- Interactive map of Tarasivtsi
- Tarasivtsi Location in Chernivtsi Oblast Tarasivtsi Location in Ukraine
- Coordinates: 48°12′10″N 26°22′2″E﻿ / ﻿48.20278°N 26.36722°E
- Country: Ukraine
- Oblast: Chernivtsi Oblast
- Raion: Chernivtsi Raion
- Elevation: 127 m (417 ft)

Population (2012)
- • Total: 5,000
- Time zone: UTC+2 (CET)
- • Summer (DST): UTC+3 (CEST)

= Tarasivtsi =

Commune in Chernivtsi Oblast, Ukraine

Tarasivtsi (Tărăsăuți; Тарасівці) is a village in Chernivtsi Raion, Chernivtsi Oblast, Ukraine. It belongs to Vanchykivtsi rural hromada, one of the hromadas of Ukraine. The population of the village is more than 5,000 people, of which 95% are ethnic Romanians and Moldovans.

Tarasivtsi (Tărăsauți) is located next to the Romanian border. The river Prut flows through the village.

==History==

Moldavia 1473–1812
Russian Empire 1812–1917
Moldavian Democratic Republic 1917–1918
Kingdom of Romania 1918–1940
Soviet Union (Ukrainian SSR) 1940–1941
Kingdom of Romania 1941–1944
Soviet Union (Ukrainian SSR) 1944–1991
Ukraine 1991–present

Until 18 July 2020, Tarasivtsi belonged to Novoselytsia Raion. The raion was abolished in July 2020 as part of the administrative reform of Ukraine, which reduced the number of raions of Chernivtsi Oblast to three. The area of Novoselytsia Raion was split between Chernivtsi and Dnistrovskyi Raions, with Tarasivtsi being transferred to Chernivtsi Raion.

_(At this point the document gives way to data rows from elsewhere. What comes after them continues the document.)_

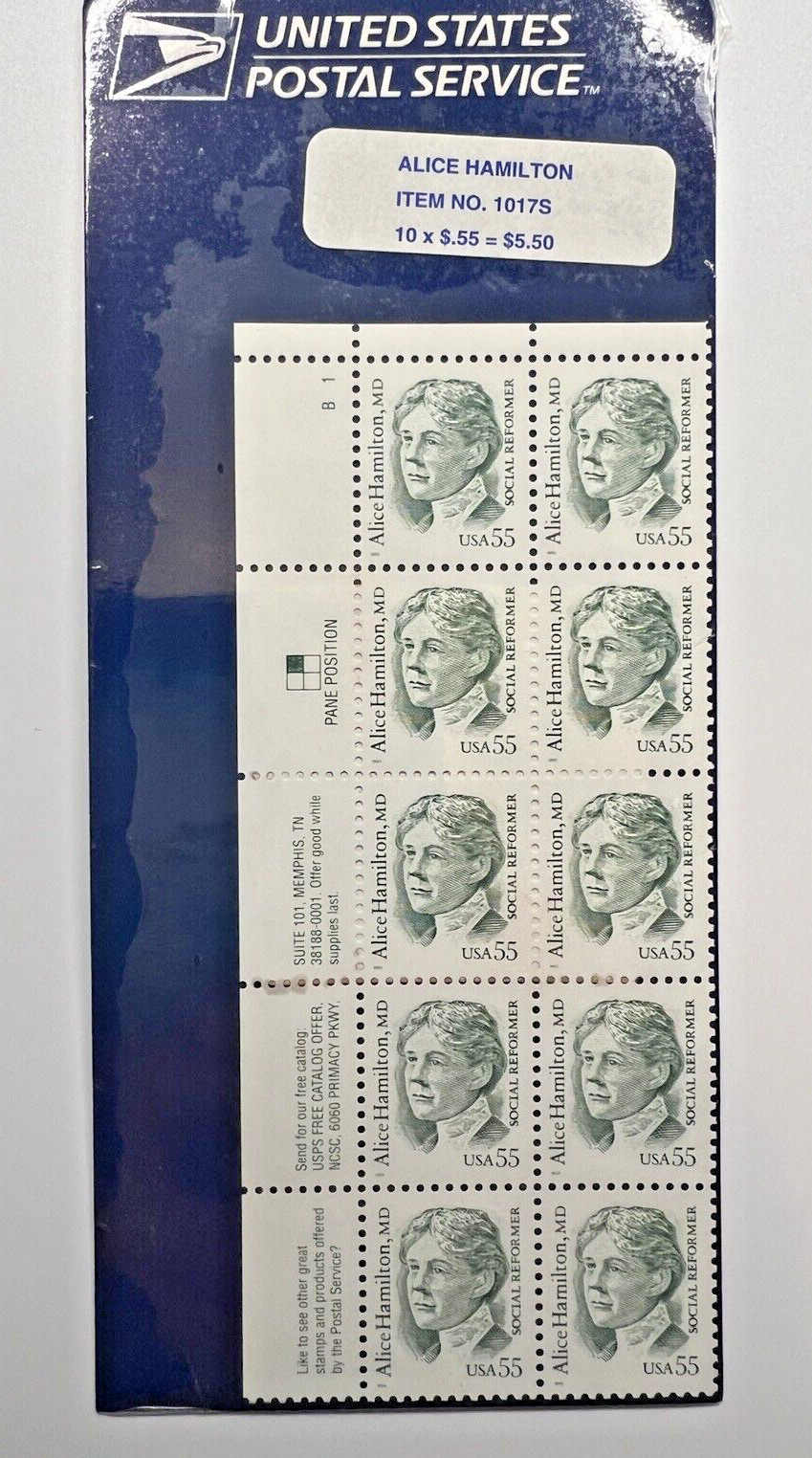 Scott #2940 Alice Hamilton MD Block of 10 Stamps, Sealed Item 1017S | 55c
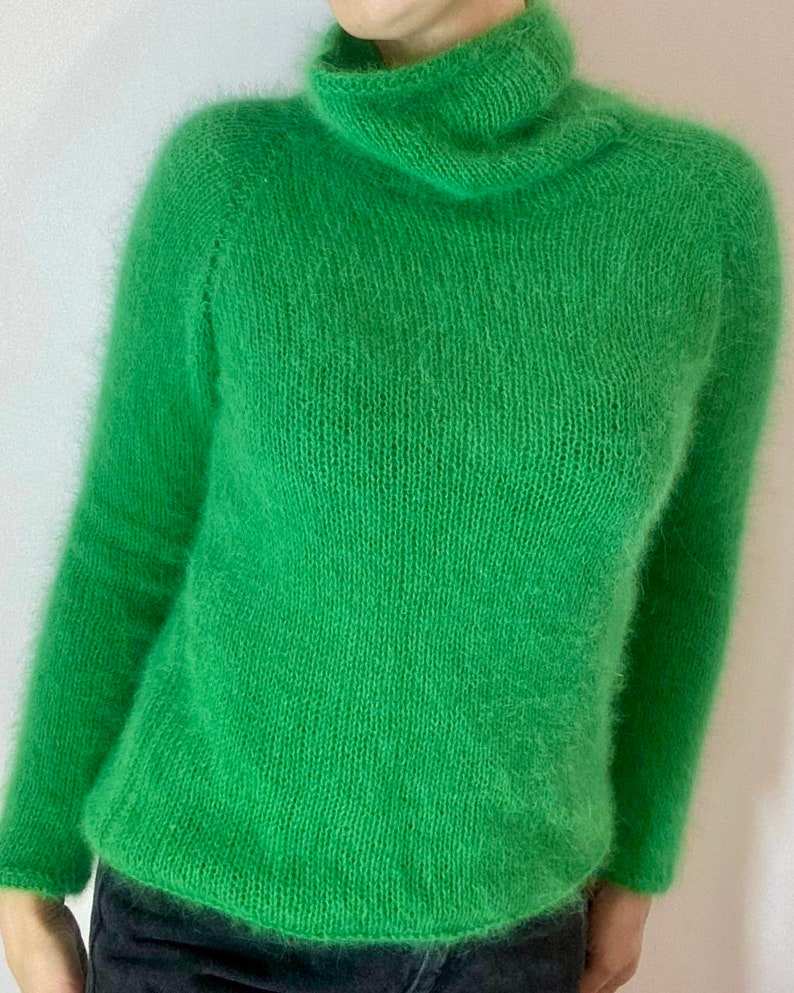 Аngora sweater, Wool turtleneck knit sweater for women, Fall hand knit sweater, Green Fluffy angora sweater, angora wool sweater image 6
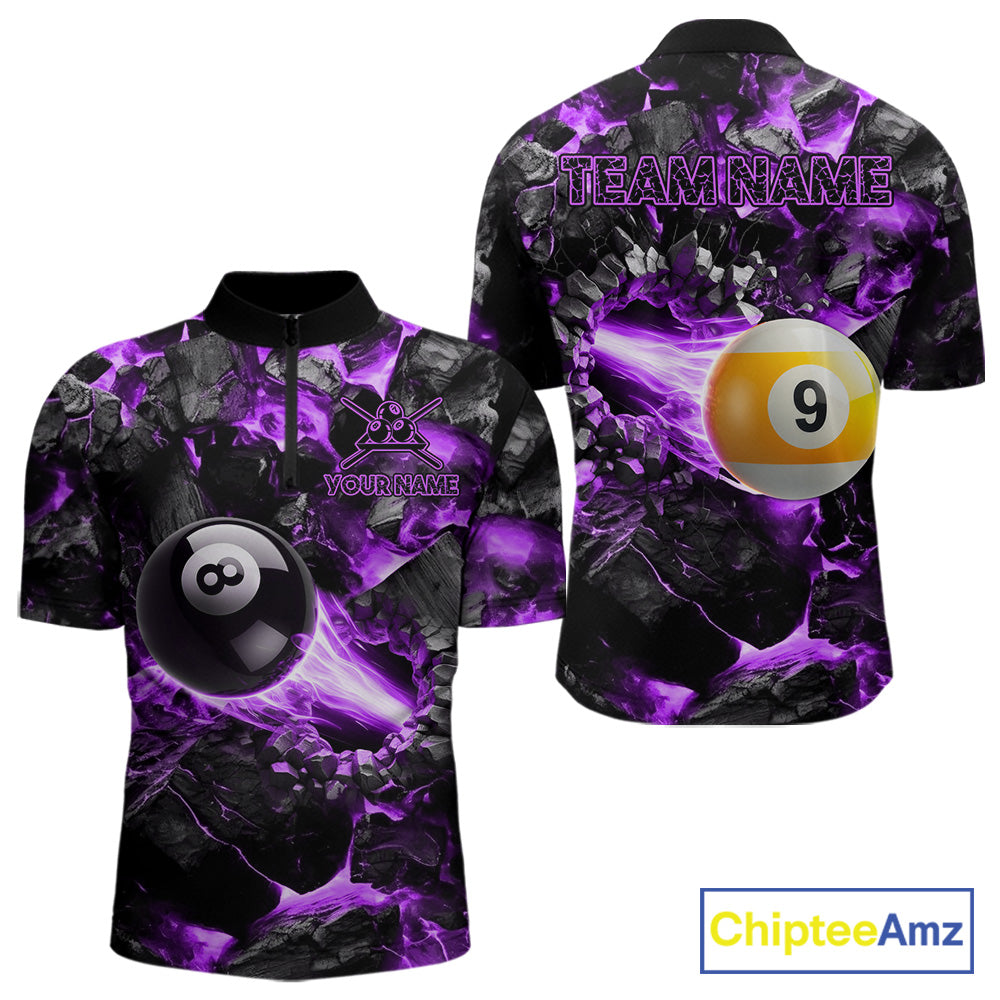 Personalized Purple 8 Ball 9 Ball Fire Quarter Zip Billiard Shirt Created for Competitive Pool League Teams with Performance Fabric and Tournament Ready Team Design
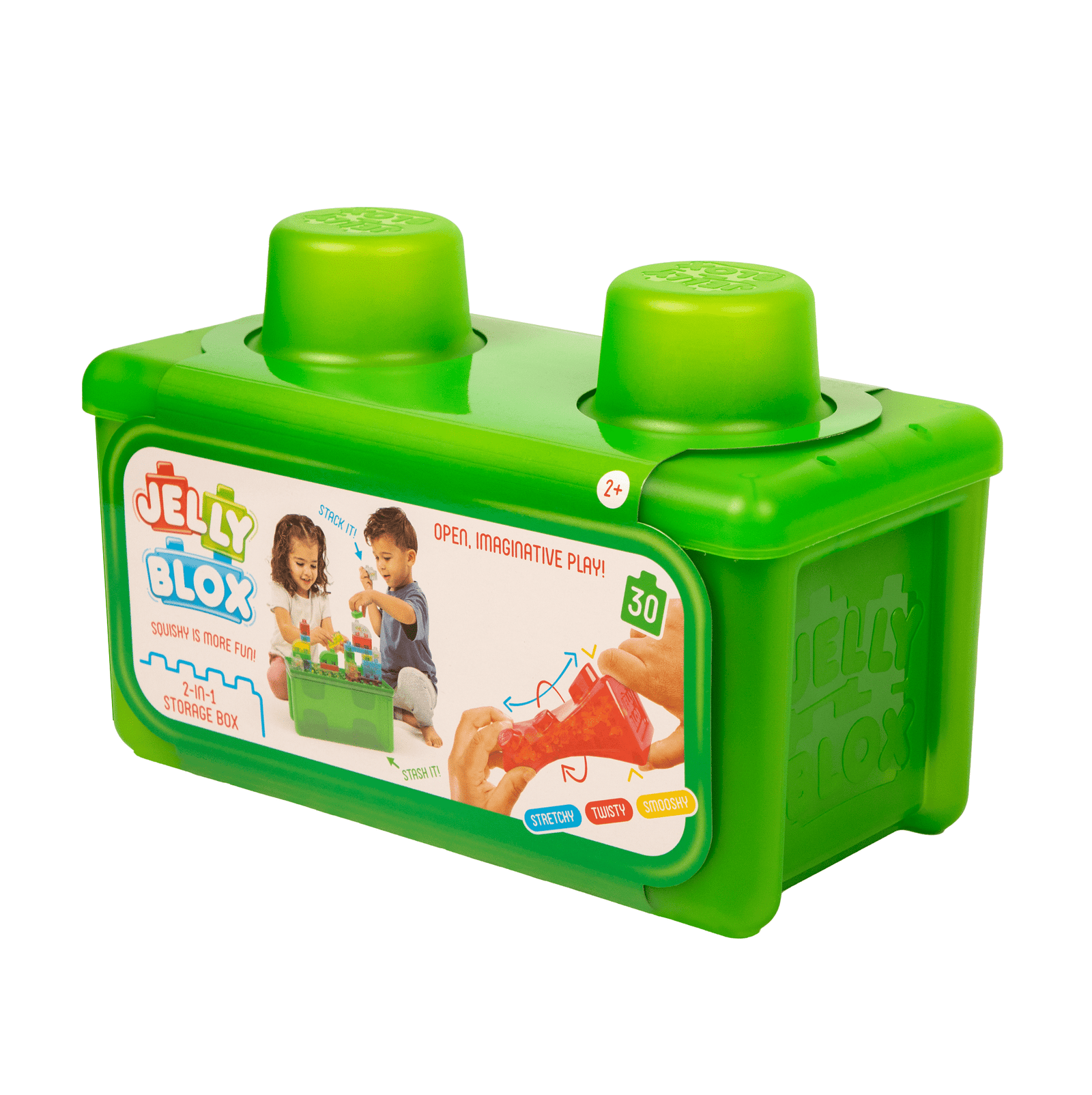 Jelly Blox - Stash & Stack 2-in-1 Storage Case by Goliath | 30 Pieces to Squeeze, Stretch, Squish | Toddler & Preschool Building Blocks | Ages 2+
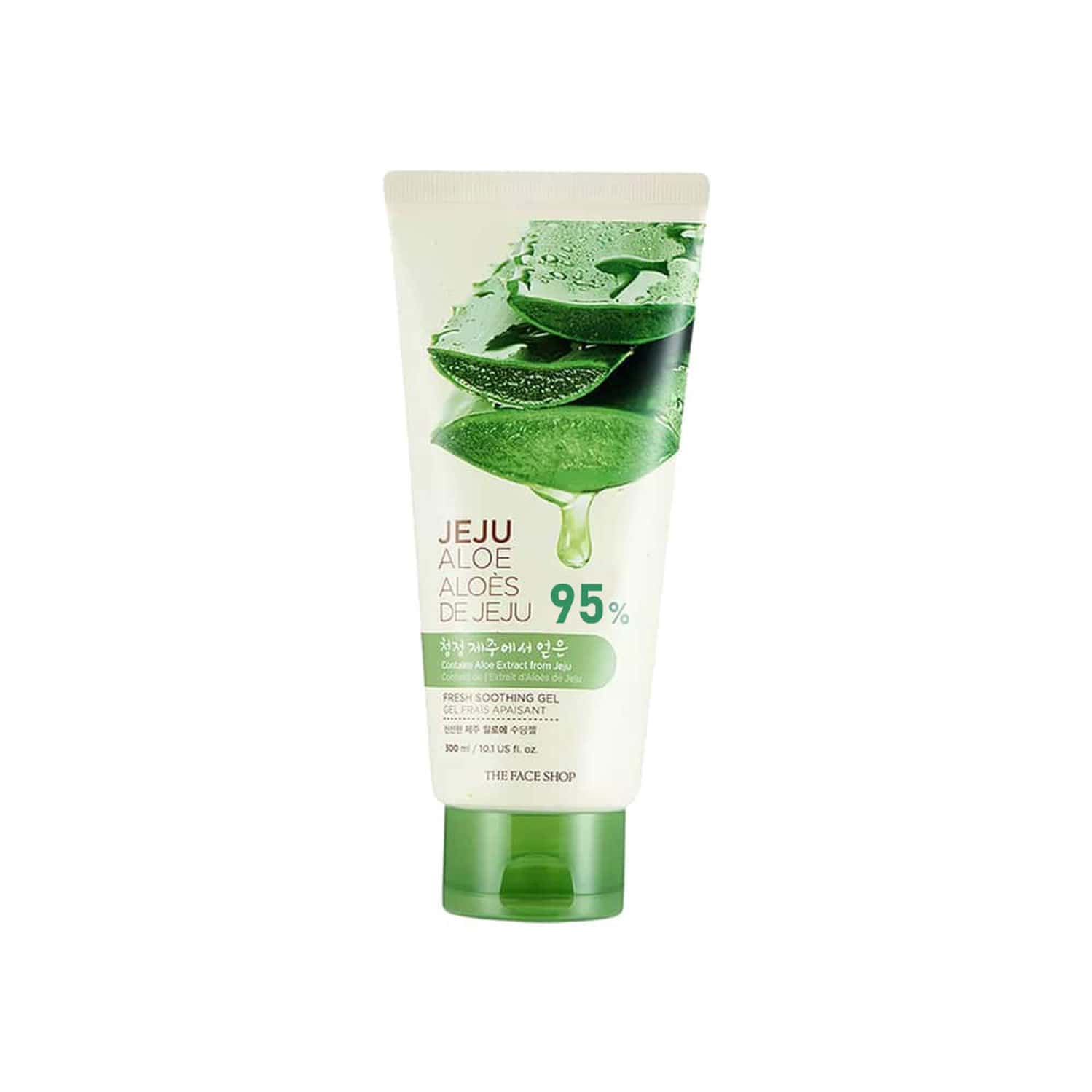The Face Shop Jeju Aloe Fresh Soothing Gel Tube- Aloe Gel For Body- Face & Hair - 300ml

Tarasivtsi was notable as the only place in Ukraine where the Romanian language had been designated as a regional language. This occurred after Ukraine permitted regional languages to be designated in August 2012. The Constitutional Court of Ukraine on 28 February 2018 ruled this legislation unconstitutional.

==Demographics==
At the 2001 Ukrainian census, 97.43% of inhabitants spoke Romanian as their native language, while 1.86% spoke Ukrainian.